▸ Exercise objective
Omit the images and retype the records verbatim.

§ §

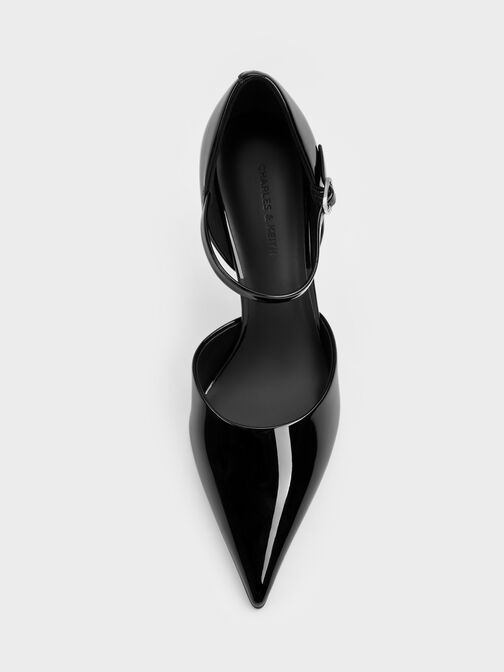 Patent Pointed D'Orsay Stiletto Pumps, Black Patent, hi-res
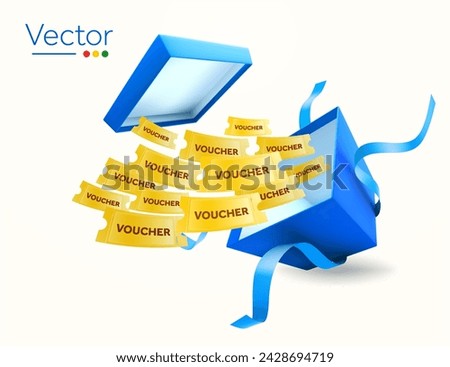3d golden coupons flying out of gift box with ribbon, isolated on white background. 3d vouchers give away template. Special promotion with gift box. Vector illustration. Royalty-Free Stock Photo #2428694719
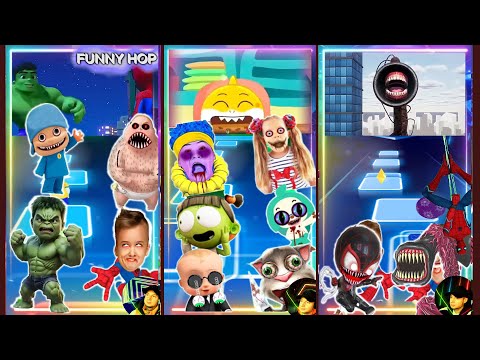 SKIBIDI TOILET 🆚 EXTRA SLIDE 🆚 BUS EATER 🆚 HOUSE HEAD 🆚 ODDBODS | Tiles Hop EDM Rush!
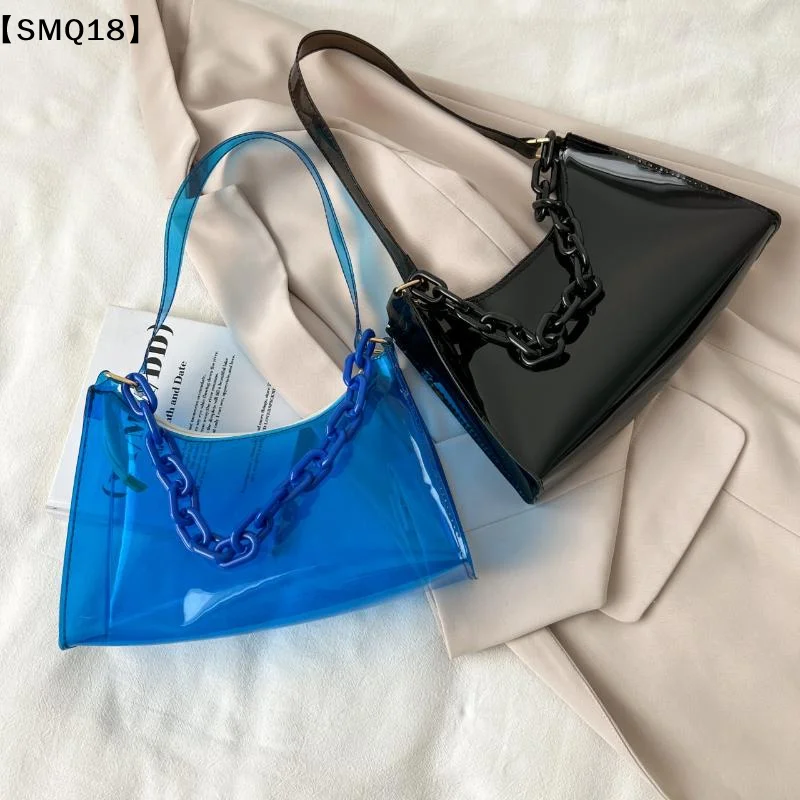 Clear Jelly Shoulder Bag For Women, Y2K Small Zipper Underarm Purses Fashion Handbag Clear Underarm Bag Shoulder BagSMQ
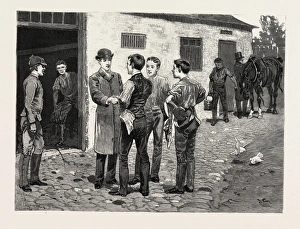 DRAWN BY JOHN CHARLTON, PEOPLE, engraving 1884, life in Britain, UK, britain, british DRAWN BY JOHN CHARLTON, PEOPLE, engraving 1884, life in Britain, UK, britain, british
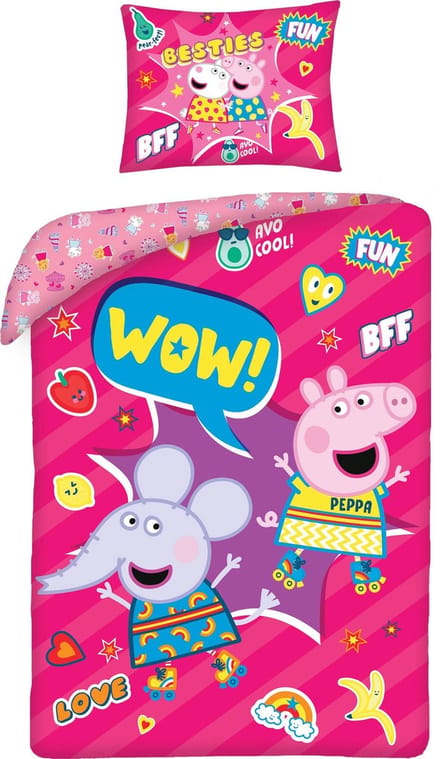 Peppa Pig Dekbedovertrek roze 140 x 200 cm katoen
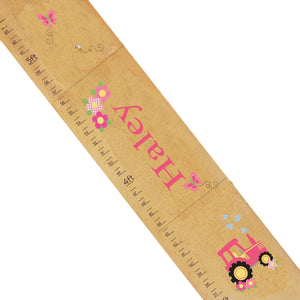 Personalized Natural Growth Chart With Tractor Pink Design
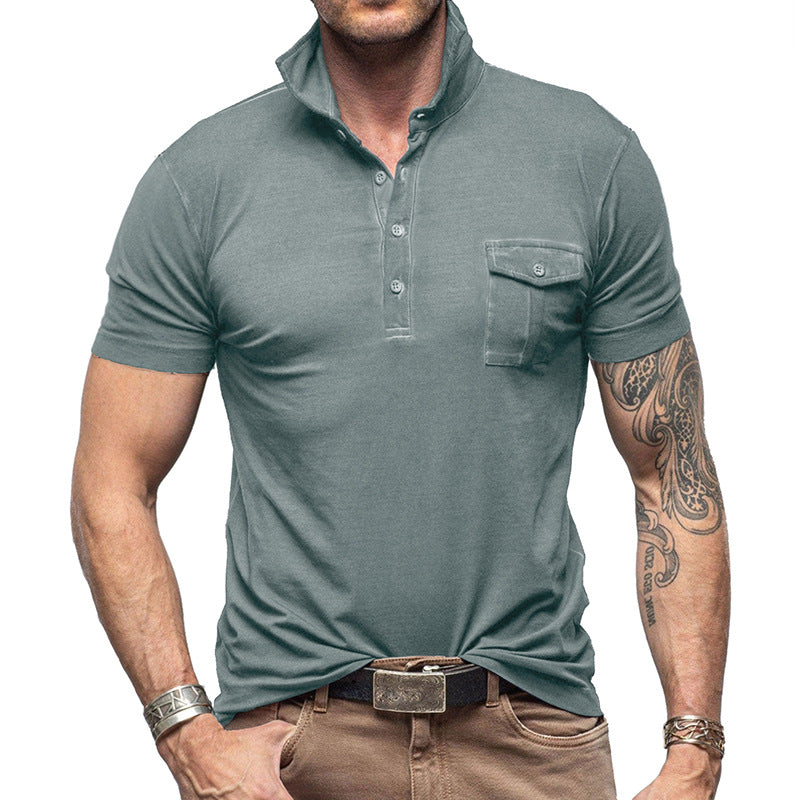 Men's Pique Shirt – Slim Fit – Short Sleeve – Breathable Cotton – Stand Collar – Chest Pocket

§ §

▸ Completed task
 Patent Pointed D'Orsay Stiletto Pumps, Black Patent, hi-res
3d golden coupons flying out of gift box with ribbon, isolated on white background. 3d vouchers give away template. Special promotion with gift box. Vector illustration. Royalty-Free Stock Photo #2428694719
 SKIBIDI TOILET 🆚 EXTRA SLIDE 🆚 BUS EATER 🆚 HOUSE HEAD 🆚 ODDBODS | Tiles Hop EDM Rush!
 Clear Jelly Shoulder Bag For Women, Y2K Small Zipper Underarm Purses Fashion Handbag Clear Underarm Bag Shoulder BagSMQ
 DRAWN BY JOHN CHARLTON, PEOPLE, engraving 1884, life in Britain, UK, britain, british DRAWN BY JOHN CHARLTON, PEOPLE, engraving 1884, life in Britain, UK, britain, british
 Peppa Pig Dekbedovertrek roze 140 x 200 cm katoen
 Personalized Natural Growth Chart With Tractor Pink Design
 Men's Pique Shirt – Slim Fit – Short Sleeve – Breathable Cotton – Stand Collar – Chest Pocket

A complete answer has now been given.